札響結成の動きは、昭和三十四年八月、札幌市文化会議の発議で市民オーケストラ設立の運動が始まったところからスタートした。三十五年十二月初めにHBC社長の阿部謙夫を会長とする設立世話人会ができて具体的な検討に入り、半年にわたる協議の末、設立にこぎつけた。
初公演は三十六年九月六日の第一回定期演奏会で、会場は開館から三年の市民会館だった。
写真-10 札響第1回演奏会(道新 昭36.9.9)
五一人の団員のうち正団員は一九人だけで、残る三二人はほかに職業を持つ準団員と正団員を目指す研究生という、プロ・アマ混成での誕生だった。そのことが、当初の名称である「札幌市民交響楽団」という名前にも反映されている。

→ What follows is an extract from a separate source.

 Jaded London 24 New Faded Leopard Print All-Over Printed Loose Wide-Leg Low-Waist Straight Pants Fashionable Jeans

正団員は道内外からの公募で採用された。七月に、常任指揮者荒谷正雄が開いていた札幌音楽院の二階に集まって結団式が行われ、九月の初公演目指して練習が重ねられていった。名称から「市民」がとれて「札幌交響楽団」となったのは、設立から半年たって財団法人化された三十七年三月一日のことである。

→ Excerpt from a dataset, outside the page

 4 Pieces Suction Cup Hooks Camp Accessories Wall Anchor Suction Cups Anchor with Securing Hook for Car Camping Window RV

札響の初代常任指揮者に荒谷が就任したのは、設立に動いていた間の、いわば既定路線だった。財団法人化された時、理事長には阿部が就いた。一方、北海道銀行初代頭取の島本融は荒谷のヨーロッパ留学時代の知り合いで、札響設立時には道銀創立十周年記念とし楽器購入費五〇〇万円の寄贈があり、札響は幸先のよいスタートを切ることができた。

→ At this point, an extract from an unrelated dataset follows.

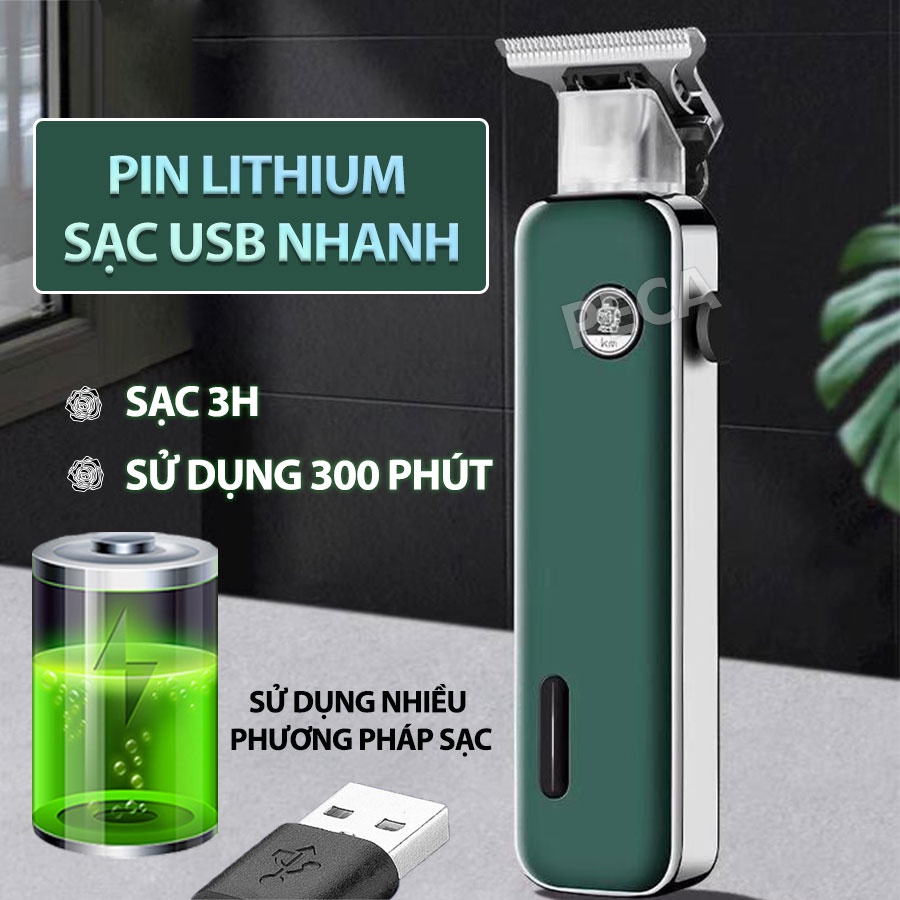 Ảnh Tông đơ chấn viền cao cấp Kemei KM-5098 thiết kế độc đáo kết hợp cạo đầu, khắc tóc, fade trắng chân tóc- Hàng chính hãng 4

第一回定期演奏会では阿部謙夫と原田與作札幌市長が舞台あいさつし、満員の聴衆を前に荒谷の指揮によりモーツァルト「フィガロの結婚」序曲、ベートーベン「交響曲第一番」などが奏でられた。以降、八月を除いて毎月開かれる年間一一回の定期演奏会と、学校向けの音楽教室を中心に活動が続けられていった。定期演奏会には地元のソリストが多く起用され、札響が伴奏を受け持ってのオペラやバレエの公演が増えるなど、本格的なオーケストラが生まれたことによる効果は大きかった。
この時期の札響の活動を代表するものに、三十七年から三年間、地方オーケストラの先輩二団体である群馬交響楽団、京都市交響楽団との持ち回りで開いた「三市交響楽団特別演奏会」がある。文部省が主催する芸術祭の最初の年でもあった初回は十二月三日に群馬音楽センターで開催され、札響はモーツァルト「交響曲第三十五番〝ハフナー〟」ほかを演奏した。東京から聴きに来た評論家たちから「生彩がある」「のびやか」「自発性がある」といった高い評価を得た。第二回は三十八年十一月六日に札幌市民会館で開かれ、ホスト団体としての札響は広瀬量平「弦楽のためのファンタジー」ほかを演奏した。三十九年十一月二十六日に京都会館で開かれた第三回ではシューマン「交響曲第四番」ほかを取り上げた。いずれも荒谷の指揮だった。